Born in Sint-Niklaas, Belgium, in 1968, Ilse D’Hollander graduated from the Hoger Instituut voor Schone Kunsten, Antwerp, in 1988, and the Hoger Instituut voor Beeldende Kunsten, St Lucas, Gent, in 1991. During her lifetime, a solo exhibition was held at In Den Bouw, Kalken, in 1996. Posthumous solo exhibitions have been held at cc Binder, Puurs, Belgium (2020); The Arts Club, London (2019); Sean Kelly Gallery, New York (2019), Sofie Van de Velde Gallery, Antwerp (2019); Victoria Miro, London (2018); White House Gallery, Leuven (2017); ADAA The Art Show, presented by Sean Kelly Gallery, New York (2017); Sean Kelly Gallery, New York (2016); FRAC Auvergne, Clermont-Ferrand (2016); Konrad Fischer Galerie, Berlin (2014); Sofie Van de Velde Gallery, Antwerp (2014); M Museum, Leuven (2013); Geukens & De Vil, Antwerp (2010); Lucas De Bruycker Gallery, Ghent (2004). Her work has been included in the group exhibitions L'Heure bleue, Sofie Van de Velde Gallery, Antwerp (2020); Salon de Peinture, Museum of Contemporary Art, Antwerp (2019), Surface Work, Victoria Miro, London (2018); Edifice, Complex, Visionary, Structure, Sean Kelly, New York (2018); Artemisia, Galerie Albert Baronian, Brussels (2017); In the Picture, Galerie Sofie Van de Velde, Antwerp (2017); Geometric Abstractions, G262 Sofie Van De Velde Gallery, Antwerp (2015); Works on Paper, David Zwirner Gallery, New York (2014); Konrad Fischer Galerie, Düsseldorf (2013); Museum Dhondt-Dhaenens, Deurle, Belgium (2009); Stille Schilders, Caermersklooster, Gent (2003; cat); Aula Art, Ghent (1996); Urmel Gallery, Gent (1994). Works by Ilse D’Hollander are in collections including Museum Dhondt-Dhaenens, Deurle, Belgium.

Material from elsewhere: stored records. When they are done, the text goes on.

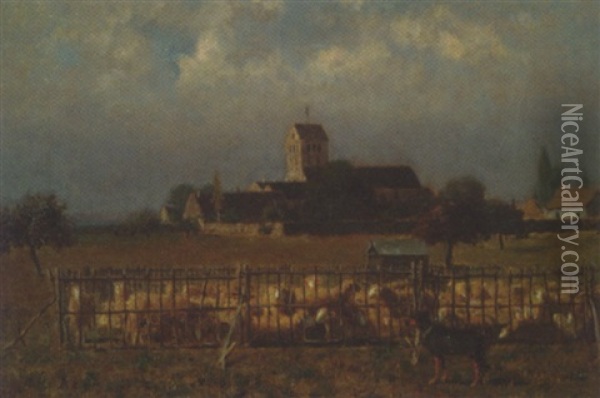 Le Parc Aux Moutons Oil Painting - Alfred De Knyff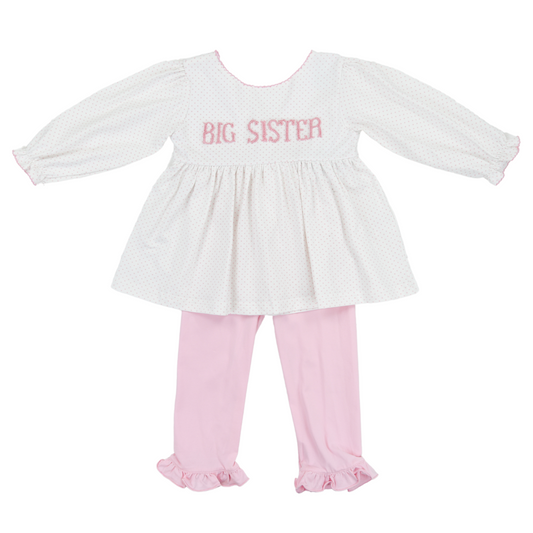 Pink Bitty Dot Frenchknot Name Girls Pants Set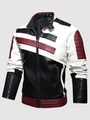 Men's tricolor PU leather biker jacket with quilted shoulders and racing stripes - S / Burgundy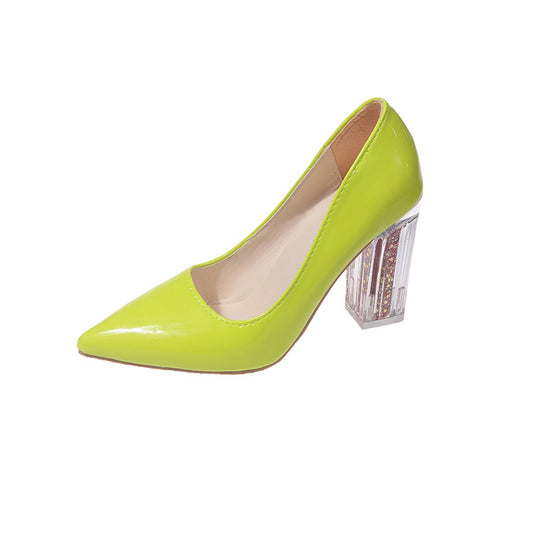 Damen Elegante High Heel Pumps mit transparentem Blockabsatz EB
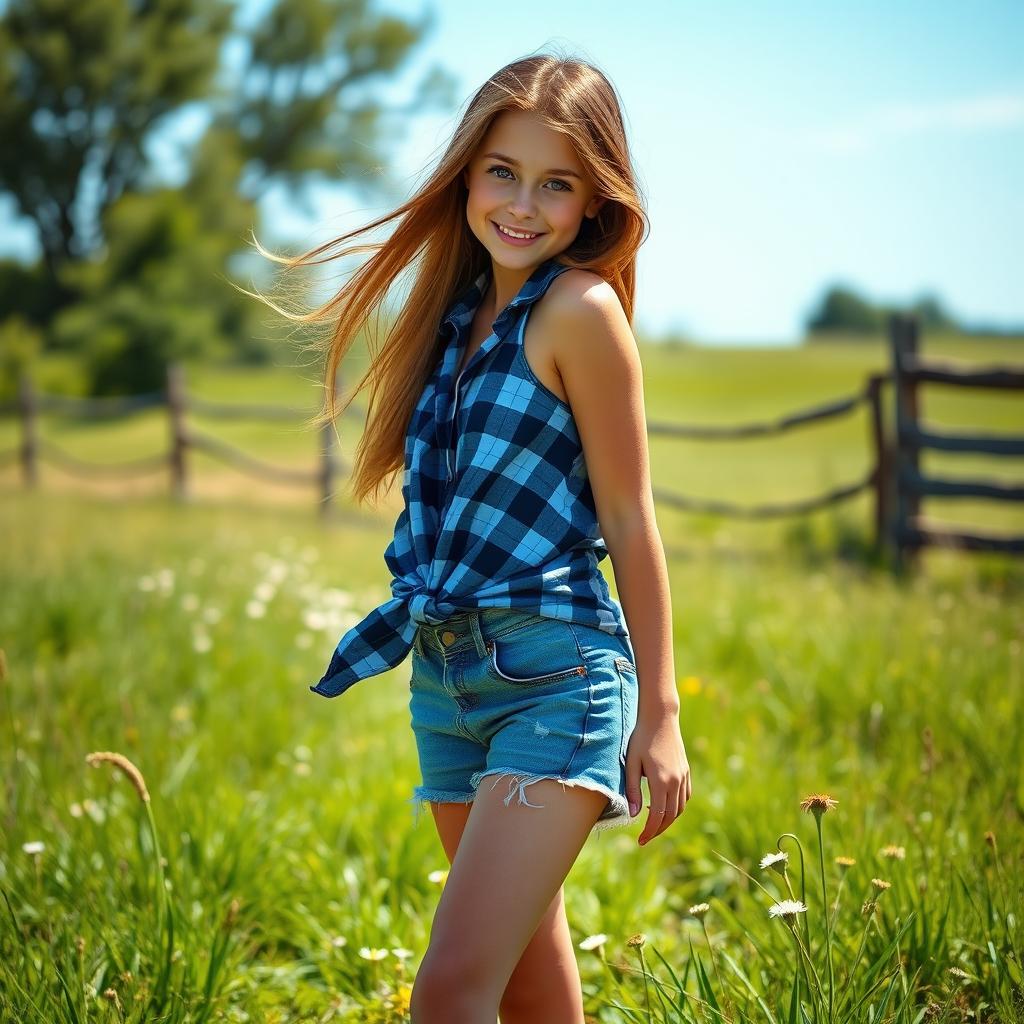 A sexy barefoot country girl standing in a sunlit field, wearing a blue plaid shirt knotted at the waist and denim shorts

Publications on the artist’s work include Early Works, published by the Estate of Ilse D’Hollander to coincide with the exhibition at White House Gallery, Leuven (2017); Ilse D’Hollander, a catalogue published by FRAC Auvergne to coincide with her solo exhibition in Clermont-Ferrand (2016). Works on Paper published by Hannibal Publishers and The Estate of Ilse D’Hollander (2014); Untitled, published by The Estate of Ilse D’Hollander to coincide with the solo exhibition of her work at the M Museum, Leuven (2013).